Mike - I think thats the wrong way round, if you are talking about Interlace and Progressive.
In simple terms, Interlace displays half the lines on one scan of the screen, and the other half the next time round at 30fps, then you get the odd lines every 60th of a second and the even lines every other 60th of a second. (giving 30fps)
With Progressive, you get every line every time, so giving 60fps.
If you can go progressive, then do it, but to be honest, I can set mine to 720p or 1080i, and I cant tell the difference from the sofa.
Ive got a Pioneer Plasma, and a LCD upstairs. The contrast ratio on the Plasma is FAR superior to LCD. Which makes it far more useable in the daylight and for low light scenes.
LCD sometimes states a very high contrast ratio, but this will almost certanly be "dynamic" contrast ratio. The way an LCD produces this is it adjusts according to the scene. If its a very bright scene, the whole backlight is increased to produce a very bright image, if it is a dark scene the backlight is dimmed. Whilst this works very well, if you have a dark scene with bright spots - the backlight cant do both, so it comprimises, and you sometimes end up with a great dark scene, but with any light bits within that scene looking slightly washed out.
Then you have the "burn" effect to consider. Plasmas are inherrently more susceptible to burn than LCD.

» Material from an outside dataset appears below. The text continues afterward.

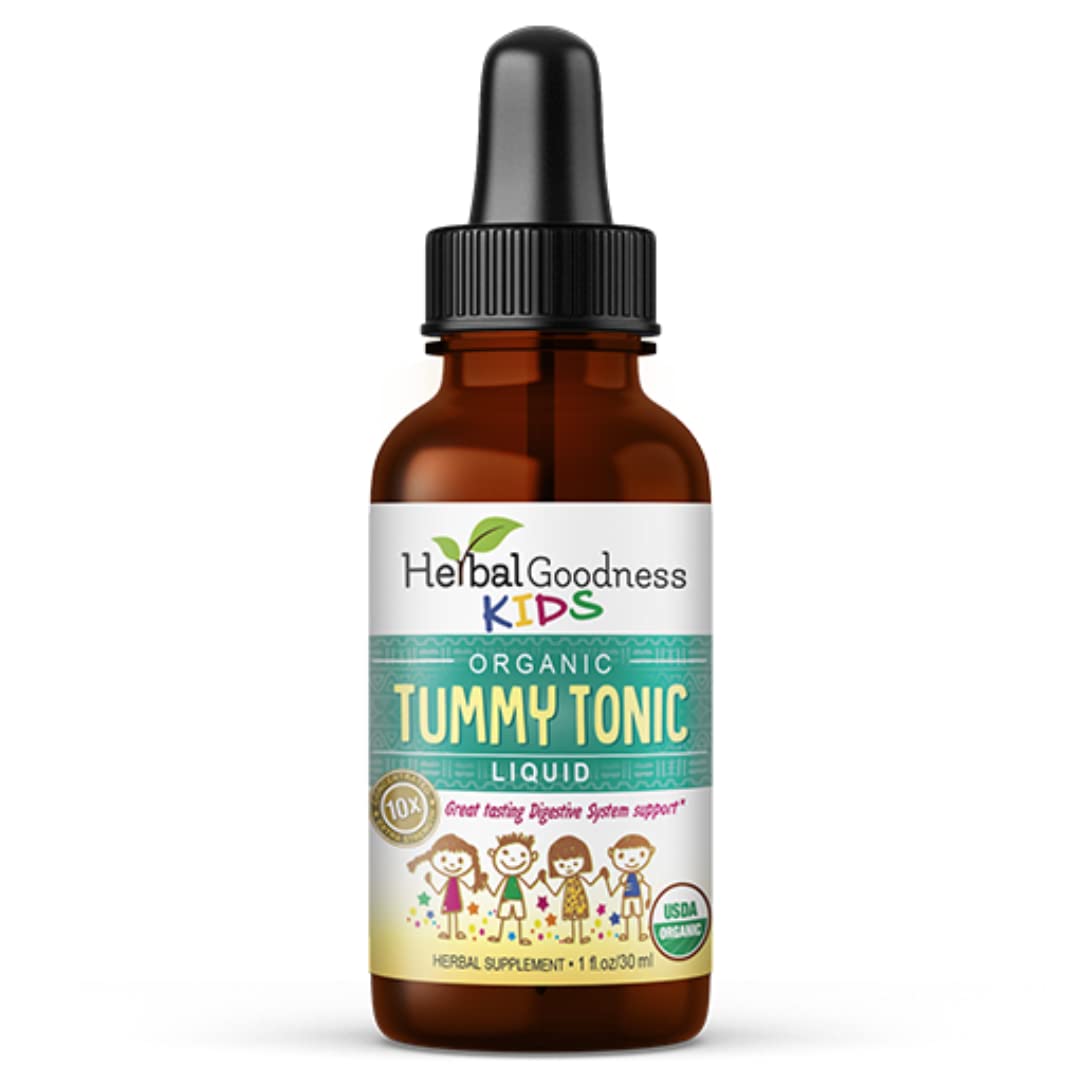 Kids Tummy Support Tonic Liquid Extract, Tasty Digestive System Support Supplement for Kids -1oz - Herbal Goodness Herbal GoodnessBuy Supplements Australia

If you have a static light image set on a darker background displayed for a long time on a plasma, you are risking burn. Whilst more modern Plasmas are a lot more resilient to this, they can still suffer it. More commonly, it is image retention, which means after a while of normal viewing the "burned" image dissappears.
LCD's are almost impossible to burn, (note "almost" - leave a static image on an LCD for a day or so and you may be in touble).
If you have kids that may leave CBB's on fo hours on end or any music channel that has one of those ridiculous static logos, it may be something to consider.
(look for a zoom function, so you can zoom a logo off the screen if that is a concern).
many programs are shot in fields though and so if you can have a telly that does both then that is better option. It's things that are shot on film or video shot on P mode which works best on Progressive scan. Sometimes you are prone to flicker if a video had been made to look like film.
Also consider the not so good black levels on a LCD tv.